YOUR TASK =>
Up to and including the line holding "Hi, I'm Jenna.", write out the data exactly from its first line, but not the pictures.

*** DATA RECORDS ***

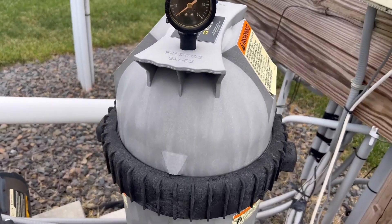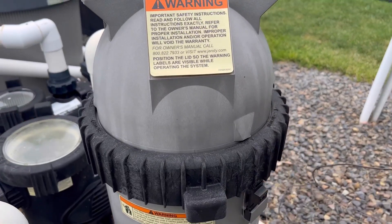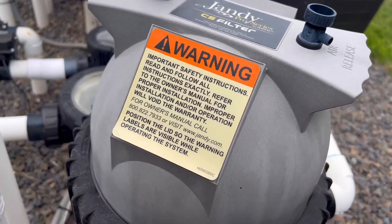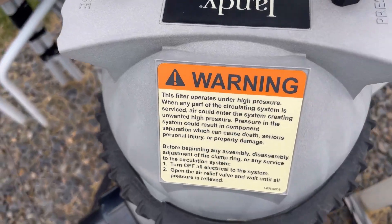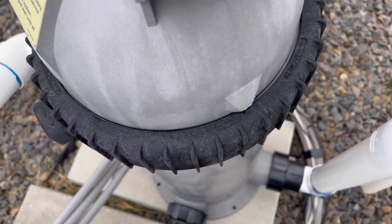Hey guys, Charlie here. Today I wanted to talk to you about this Jandy CS filter housing unit. Our filter was a little worn down, but instead of replacing the whole filter, we just got a new housing unit and it worked perfectly. Installation was pretty easy, but if you don't know how to do it, I would highly recommend getting a professional.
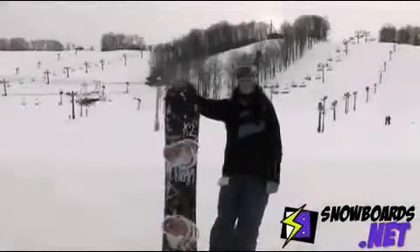Hi, I'm Jenna. I just got off the K2 Turbo Dream. I'd give this board 4 out of 5 stars.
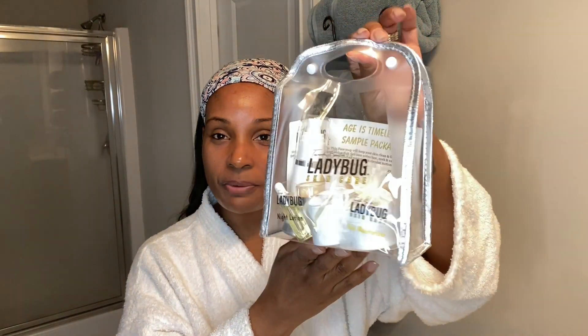I received this in the mail, you guys. It comes in this cute little bundle. It has both the night lotion and the day moisturizer. So today I'm going to be sharing with you guys the one for the nighttime. I will share with you guys what all I got in this package. So first off, I'm going to share with you the little card that comes in the package, and it tells you a little bit about the product.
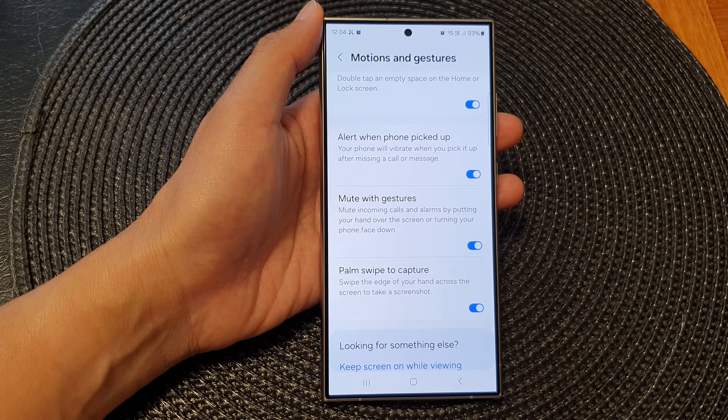Next, scroll down and tap on motions and gestures. Then in here, scroll down and tap on mute with gestures. Make sure this is switched on.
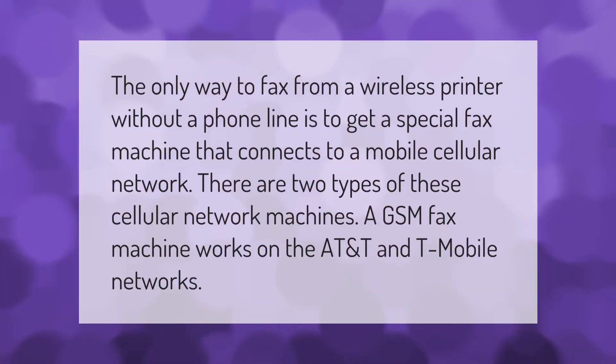The only way to fax from a wireless printer without a phone line is to get a special fax machine that connects to a mobile cellular network. There are two types of these cellular network machines — a GSM fax machine works on the AT&T and T-Mobile networks.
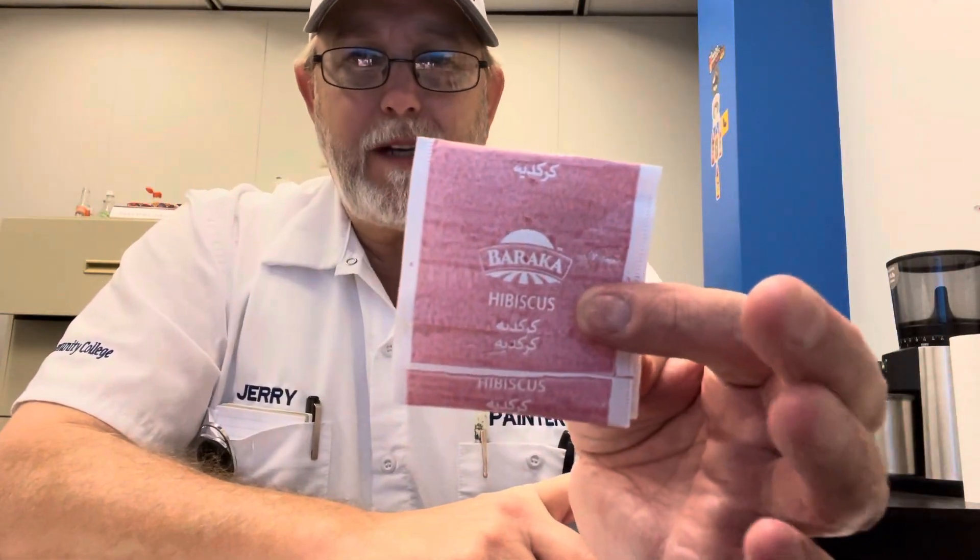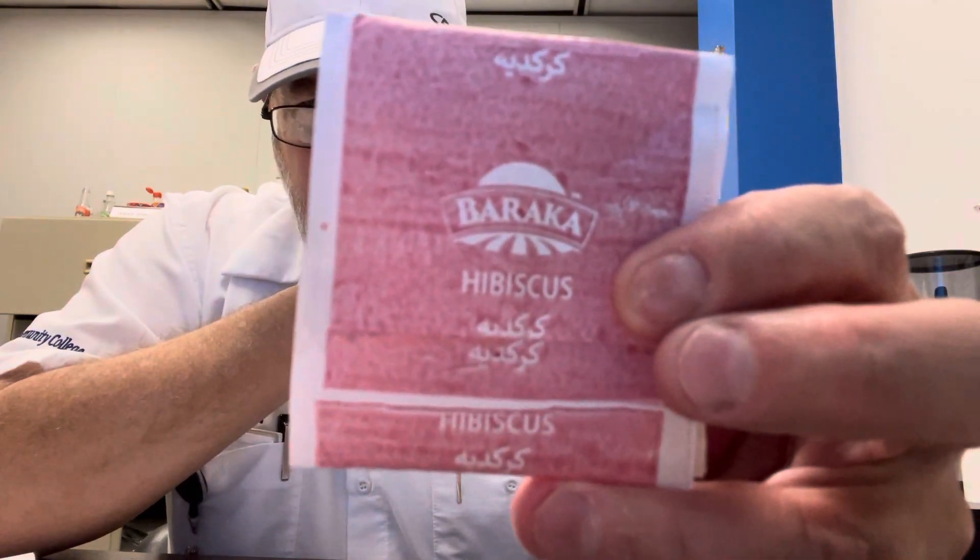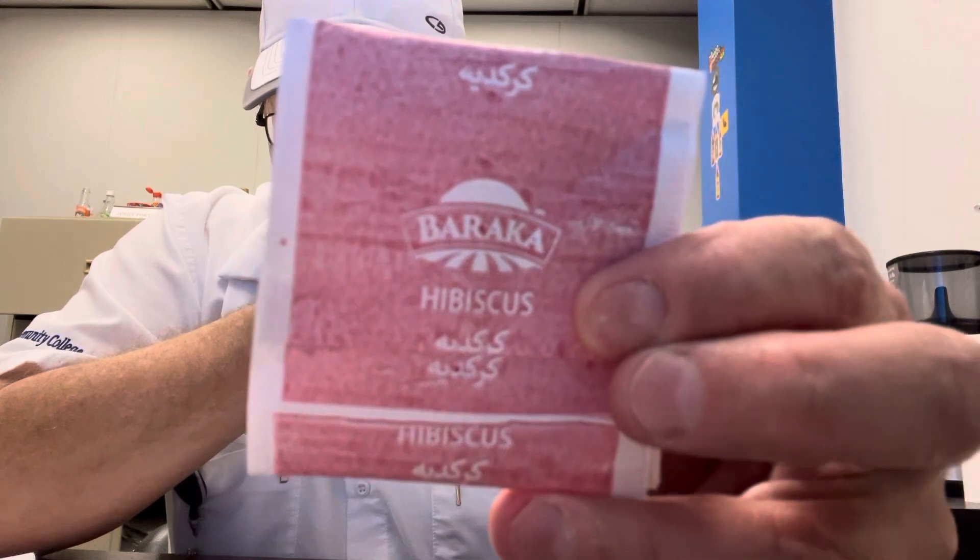Hello, I'm Jerry Fork. I'm going to review a tea bag. This is Baraka, B-A-R-A-K-A, hibiscus flavored.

***

EXERCISE ANSWER =>
Hey guys, Charlie here. Today I wanted to talk to you about this Jandy CS filter housing unit. Our filter was a little worn down, but instead of replacing the whole filter, we just got a new housing unit and it worked perfectly. Installation was pretty easy, but if you don't know how to do it, I would highly recommend getting a professional.
Hi, I'm Jenna. I just got off the K2 Turbo Dream. I'd give this board 4 out of 5 stars.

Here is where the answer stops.